The problem:
Each entry is to be retyped exactly as it appears. Leave the images out.

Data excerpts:
------------------------------------
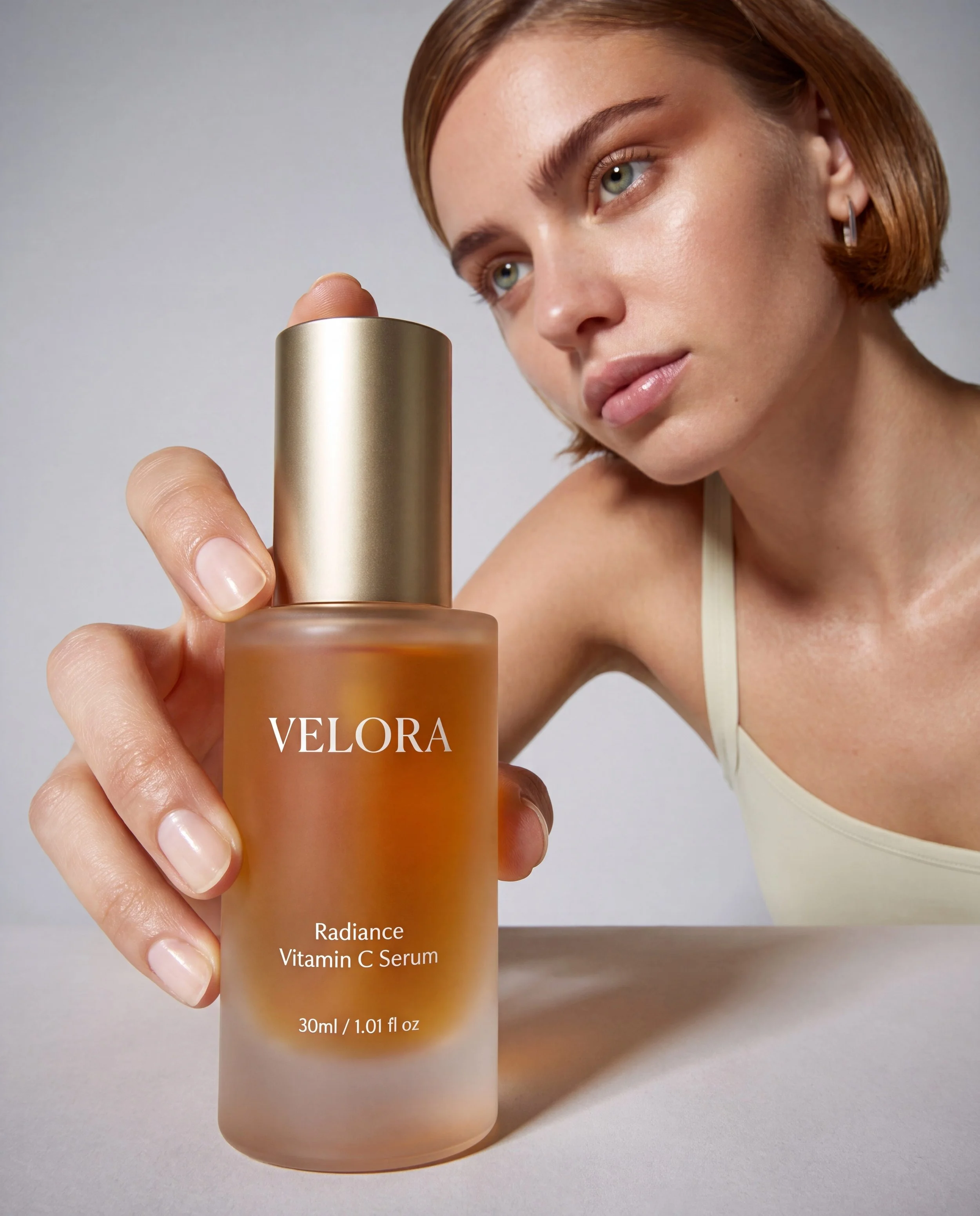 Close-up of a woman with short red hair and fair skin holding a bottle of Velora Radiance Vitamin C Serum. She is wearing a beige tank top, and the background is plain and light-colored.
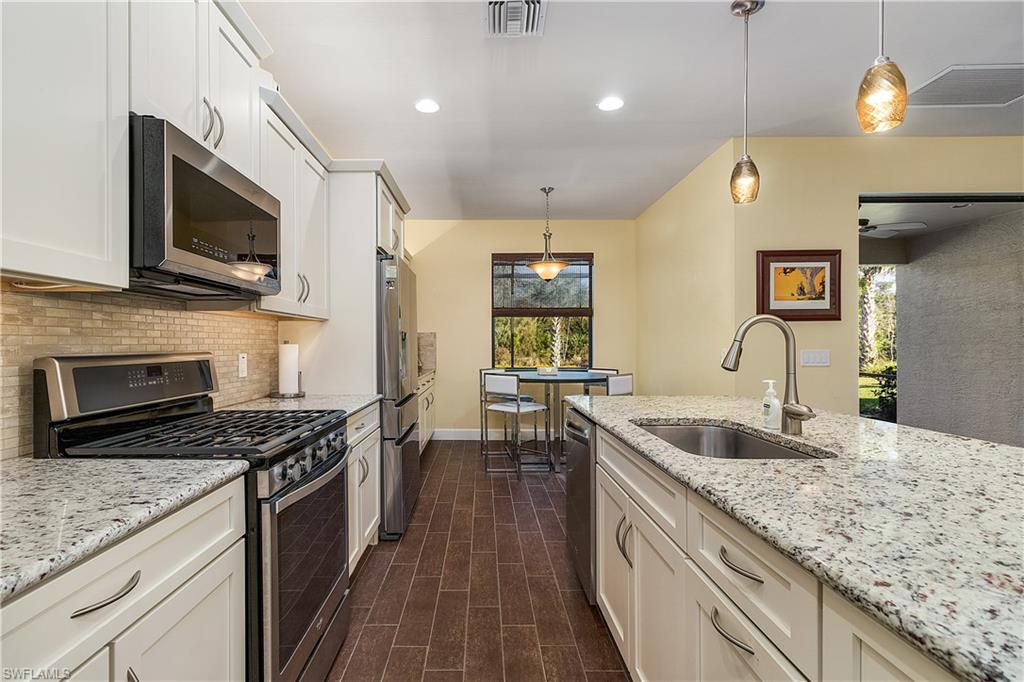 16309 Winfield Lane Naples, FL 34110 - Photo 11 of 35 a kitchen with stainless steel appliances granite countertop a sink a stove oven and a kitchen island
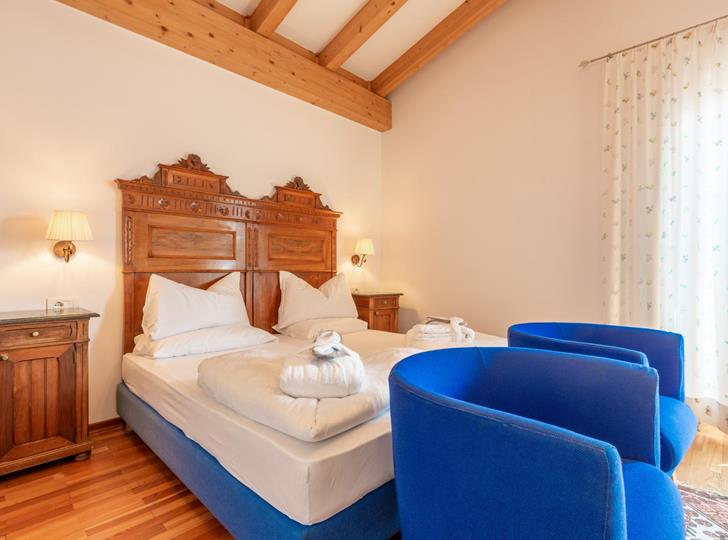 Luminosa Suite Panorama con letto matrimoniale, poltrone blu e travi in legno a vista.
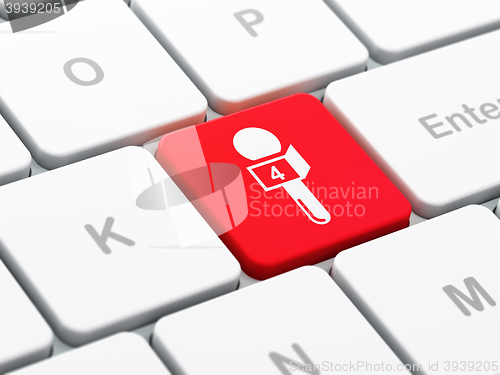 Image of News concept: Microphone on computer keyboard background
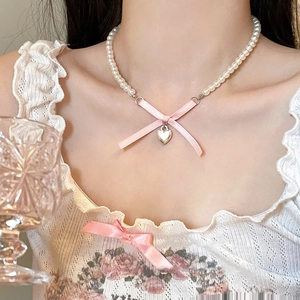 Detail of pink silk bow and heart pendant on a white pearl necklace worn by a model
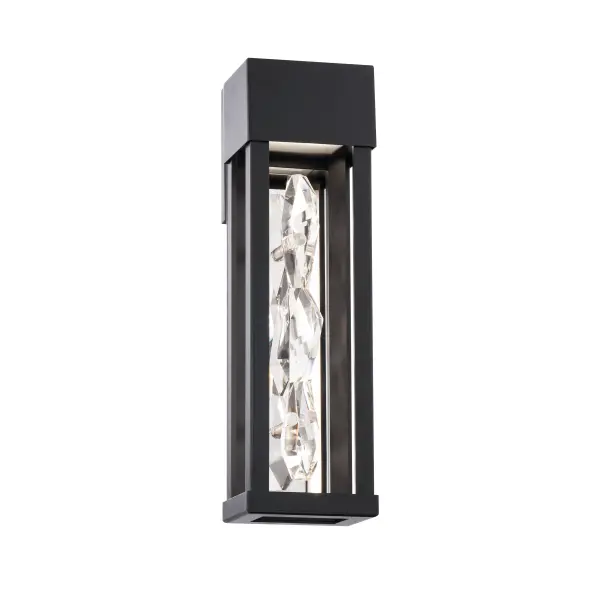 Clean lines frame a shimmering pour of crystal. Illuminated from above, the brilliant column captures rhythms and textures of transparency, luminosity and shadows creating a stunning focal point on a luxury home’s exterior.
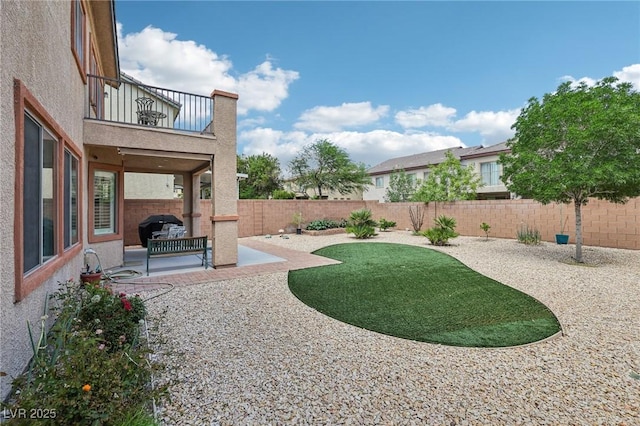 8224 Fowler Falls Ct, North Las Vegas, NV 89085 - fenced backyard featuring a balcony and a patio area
------------------------------------
Output of the task:
 Close-up of a woman with short red hair and fair skin holding a bottle of Velora Radiance Vitamin C Serum. She is wearing a beige tank top, and the background is plain and light-colored.
 16309 Winfield Lane Naples, FL 34110 - Photo 11 of 35 a kitchen with stainless steel appliances granite countertop a sink a stove oven and a kitchen island
 Luminosa Suite Panorama con letto matrimoniale, poltrone blu e travi in legno a vista.
 Image of News concept: Microphone on computer keyboard background
 Detail of pink silk bow and heart pendant on a white pearl necklace worn by a model
 Clean lines frame a shimmering pour of crystal. Illuminated from above, the brilliant column captures rhythms and textures of transparency, luminosity and shadows creating a stunning focal point on a luxury home’s exterior.
 8224 Fowler Falls Ct, North Las Vegas, NV 89085 - fenced backyard featuring a balcony and a patio area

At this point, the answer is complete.